Data excerpts:
####

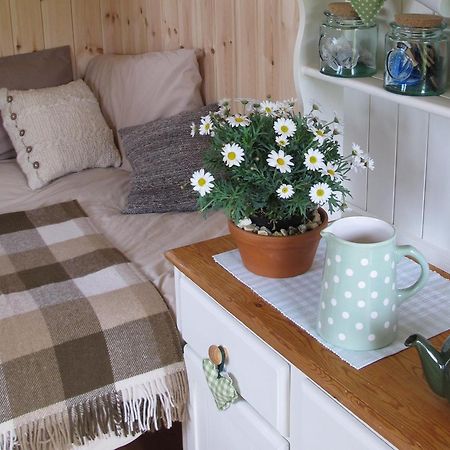 Marshwood Farm B&B And Shepherds Hut Dinton  Exterior photo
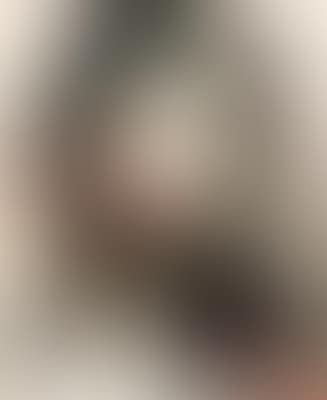 Untitled (preview)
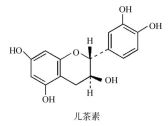 儿茶鉴定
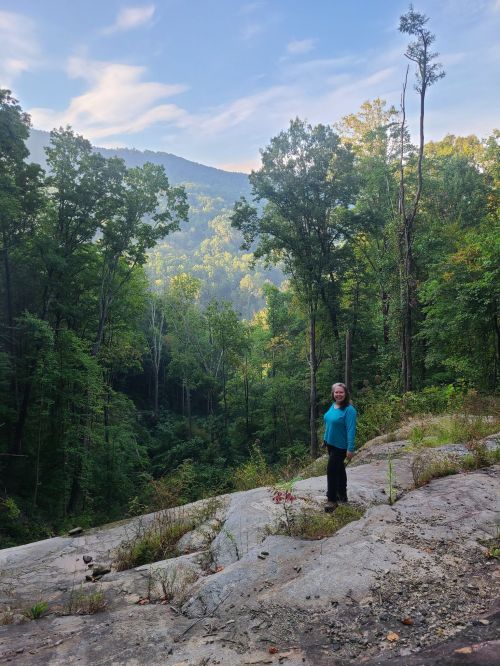 A person stands on a rocky outcrop surrounded by lush green trees and mountains under a clear blue sky.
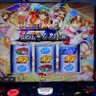 むべ太郎 profil fotoğrafı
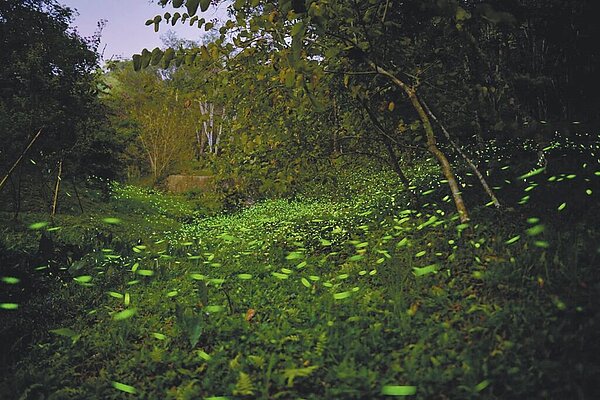 4月是欣賞火金姑的季節,台中東勢林場預估4月中下旬螢火蟲大爆發。(台中東勢林場提供/陳淑娥台中傳真)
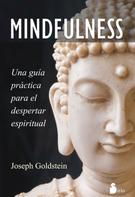 Joseph Goldstein: Mindfulness 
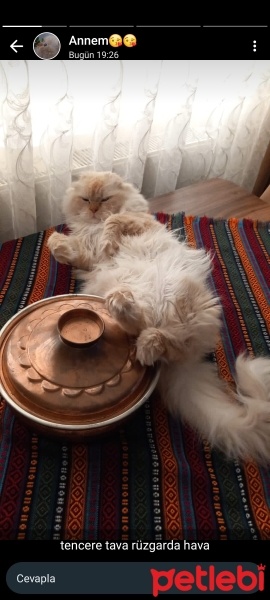 Chinchilla, Kedi  Rüzgar fotoğrafı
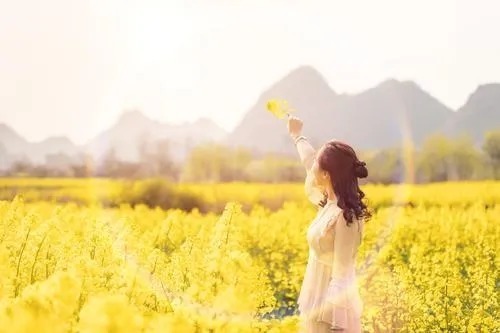 悦人不如悦己:你若盛开,清风自来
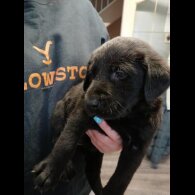 Labrador Retriever - Both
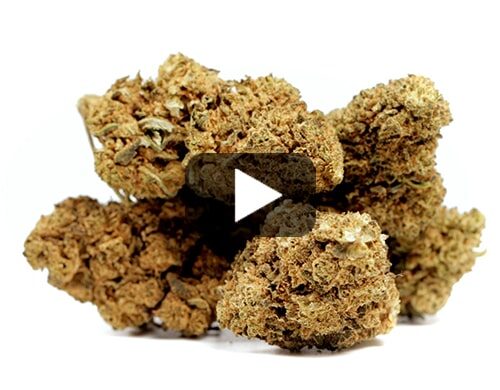 marihuana-sin-thc-master-kush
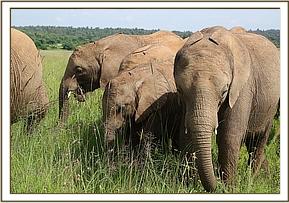 Arubba, Dupotto and Embu enjoying the grass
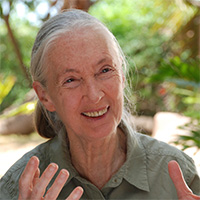 Dr. Jane Goodall, world-renowned primatologist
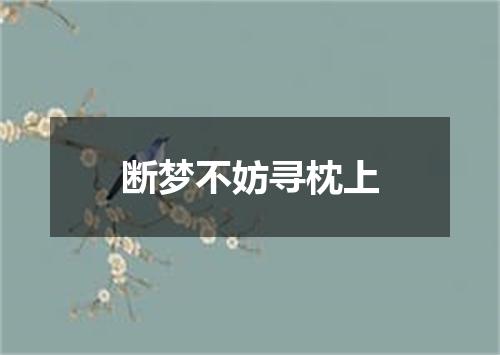 断梦不妨寻枕上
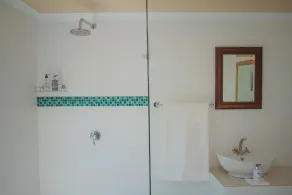 The View Swellendam B&B - Salle de bain
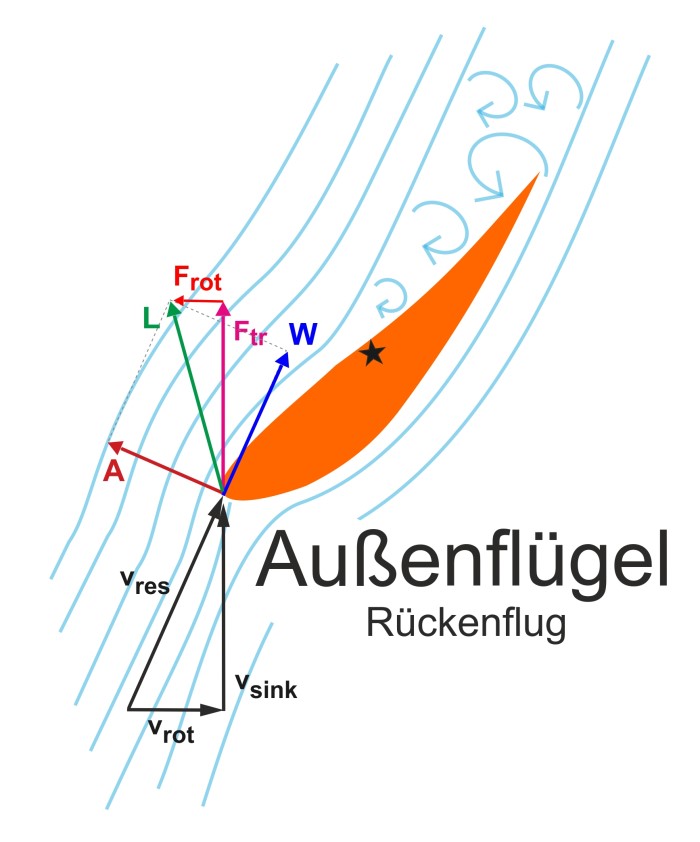 SKF Aussen Rücken Rot 700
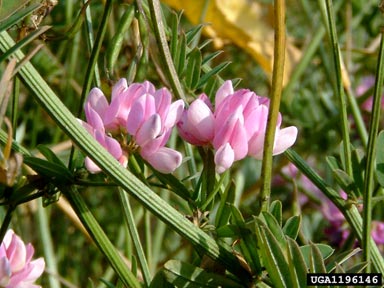 crownvetch, Securigera varia  (Fabales: Fabaceae (Leguminosae)) - 1196146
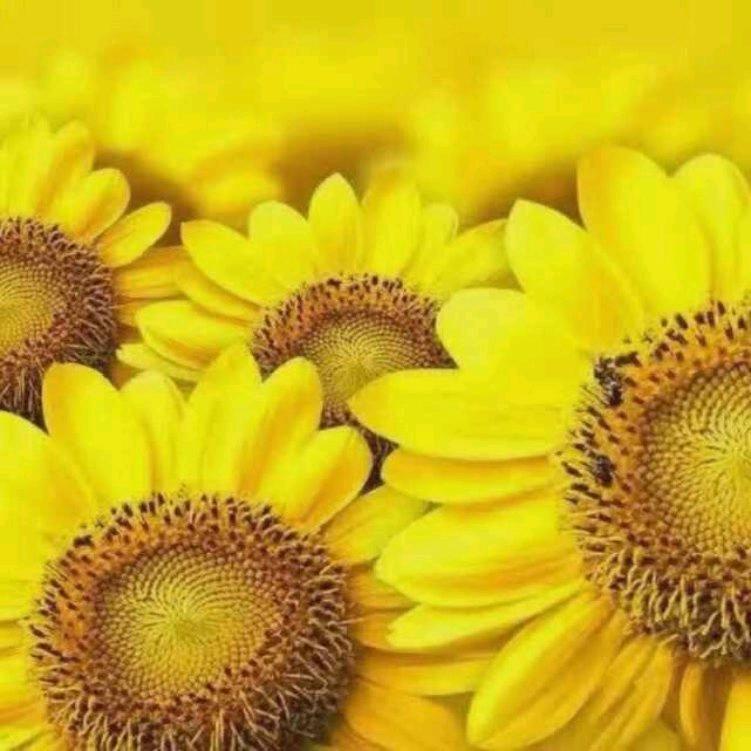 👒芳
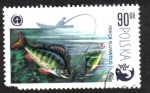 Stamps : Europe : Poland :  Pesca y Protección del Medio Ambiente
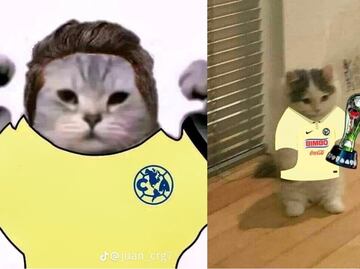 Los mejores memes del campeonato de América en el Apertura 2023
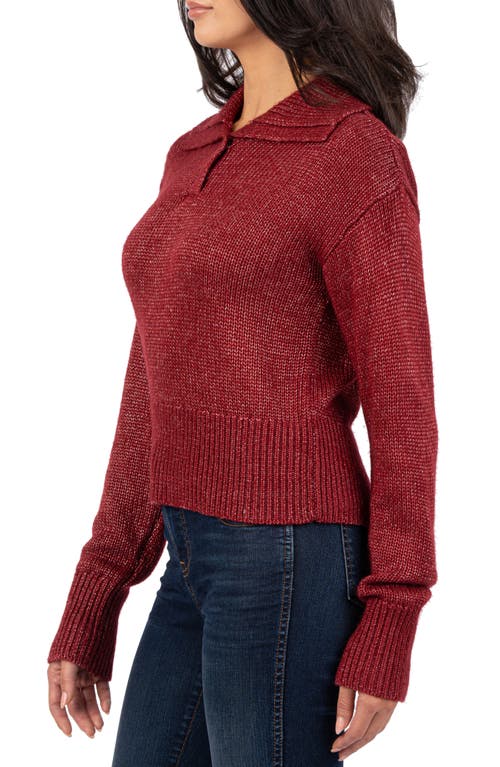 Shop Kut From The Kloth Anabel Henley Sweater In Wine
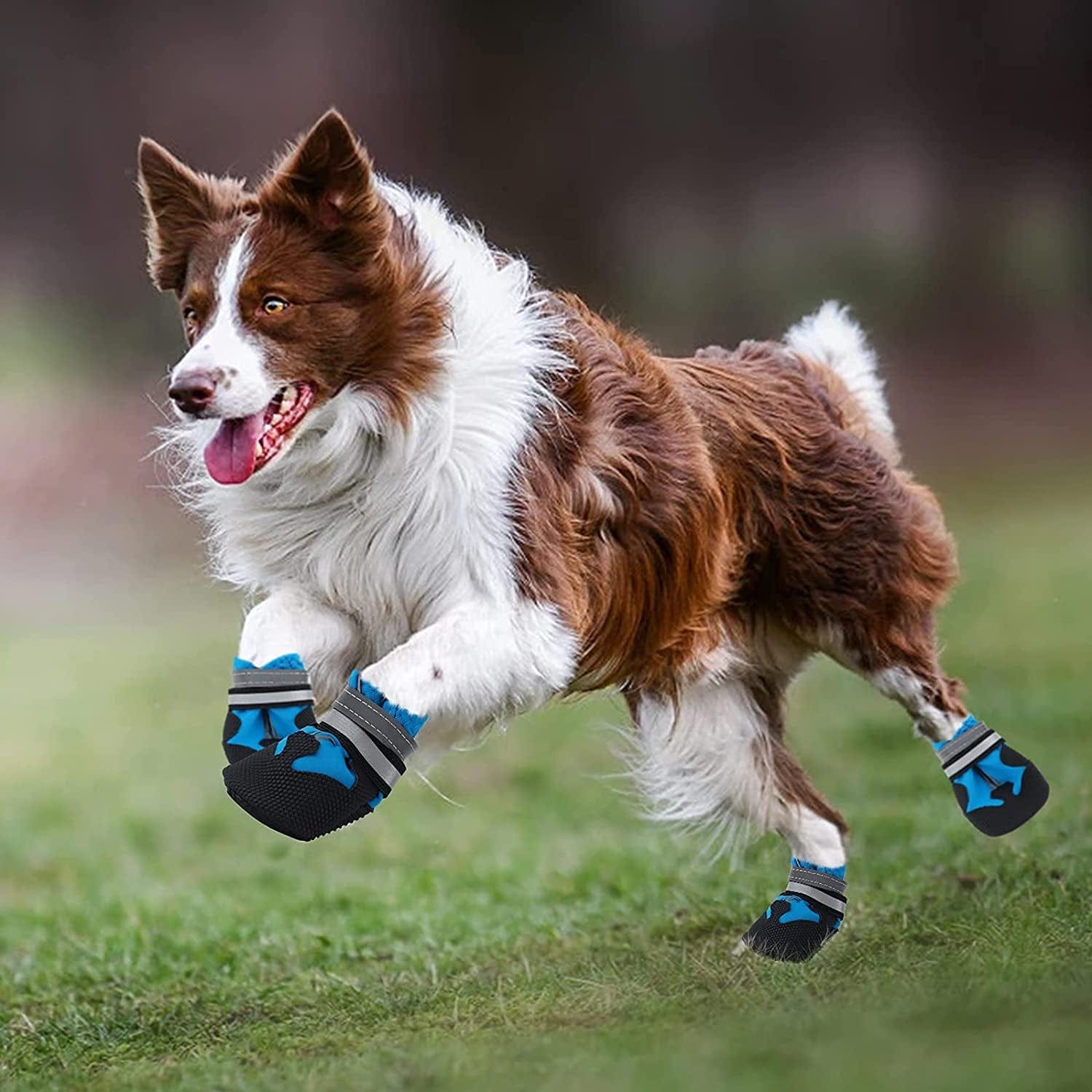 Jodsen Dog Boots, Set of 4 Waterproof Dog Shoes with Reflective Straps Anti-Slip Sole Outdoor Paw Protectors Dog Shoes for Small Medium Dogs Autumn Winter, Blue (M) Animals & Pet Supplies > Pet Supplies > Dog Supplies > Dog Apparel Jodsen   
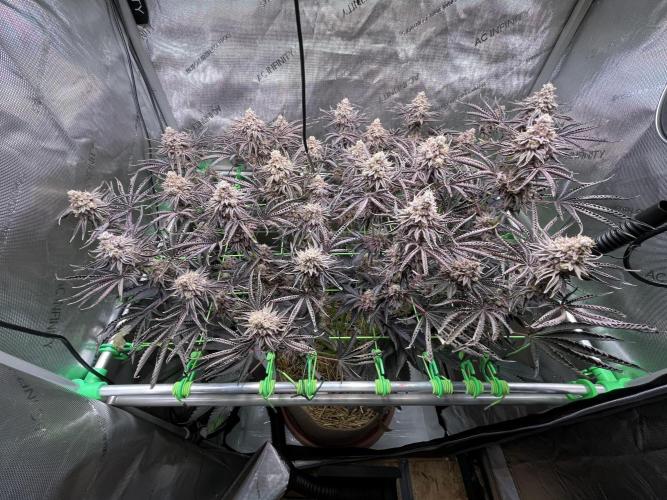 Last Dance in Living Soil. Week 18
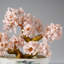 Véritable bonsaï quartz rose en pot ovale en céramique (7 po)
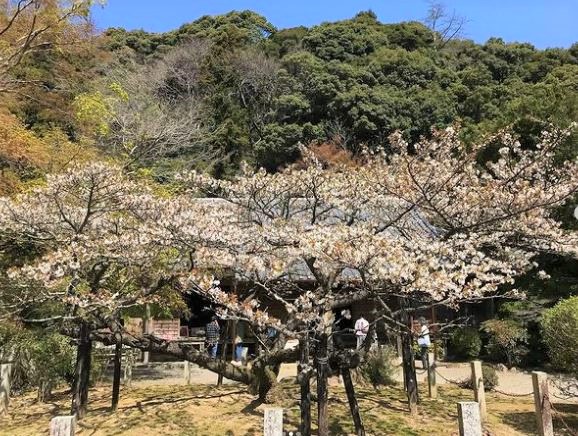 長徳寺の龍王桜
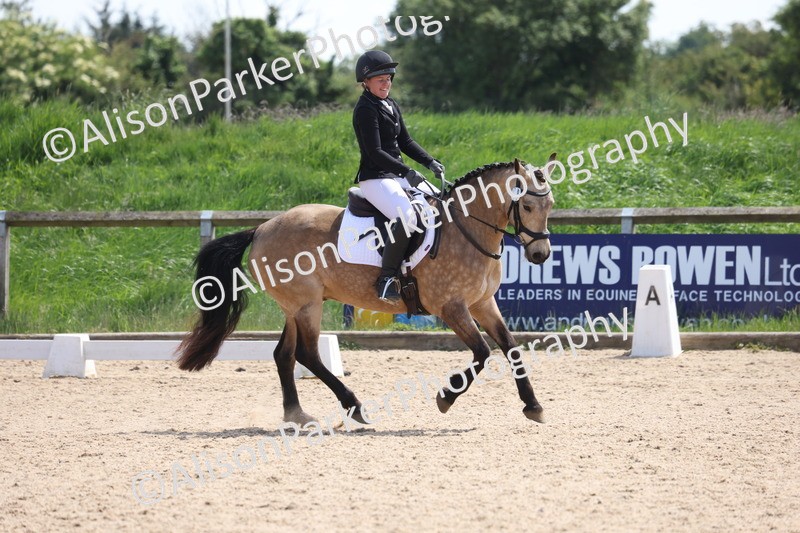 20250520-0761 - Class 4 - Novice 1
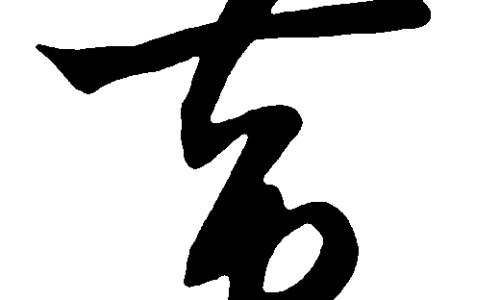 不出林的功效与主治不出林是哪个地方有-不出林的功效与主治、不出林的功效与主治不出林是哪个地方有 -不出林的功效网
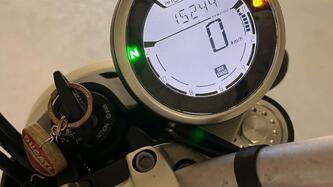Ducati Scrambler 800 Icon (2015 - 16)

####

* Problem description *
Transcribe the data exactly and leave no picture in the copy.

* Reply to the task *
 Marshwood Farm B&B And Shepherds Hut Dinton  Exterior photo
 Untitled (preview)
 儿茶鉴定
 A person stands on a rocky outcrop surrounded by lush green trees and mountains under a clear blue sky.
 むべ太郎 profil fotoğrafı
 4月是欣賞火金姑的季節,台中東勢林場預估4月中下旬螢火蟲大爆發。(台中東勢林場提供/陳淑娥台中傳真)
 Joseph Goldstein: Mindfulness 
 Chinchilla, Kedi  Rüzgar fotoğrafı
 悦人不如悦己:你若盛开,清风自来
 Labrador Retriever - Both
 marihuana-sin-thc-master-kush
 Arubba, Dupotto and Embu enjoying the grass
 Dr. Jane Goodall, world-renowned primatologist
 断梦不妨寻枕上
 The View Swellendam B&B - Salle de bain
 SKF Aussen Rücken Rot 700
 crownvetch, Securigera varia  (Fabales: Fabaceae (Leguminosae)) - 1196146
 👒芳
 Stamps : Europe : Poland :  Pesca y Protección del Medio Ambiente
 Los mejores memes del campeonato de América en el Apertura 2023
 Shop Kut From The Kloth Anabel Henley Sweater In Wine
 Jodsen Dog Boots, Set of 4 Waterproof Dog Shoes with Reflective Straps Anti-Slip Sole Outdoor Paw Protectors Dog Shoes for Small Medium Dogs Autumn Winter, Blue (M) Animals & Pet Supplies > Pet Supplies > Dog Supplies > Dog Apparel Jodsen   
 Last Dance in Living Soil. Week 18
 Véritable bonsaï quartz rose en pot ovale en céramique (7 po)
 長徳寺の龍王桜
 20250520-0761 - Class 4 - Novice 1
 不出林的功效与主治不出林是哪个地方有-不出林的功效与主治、不出林的功效与主治不出林是哪个地方有 -不出林的功效网
Ducati Scrambler 800 Icon (2015 - 16)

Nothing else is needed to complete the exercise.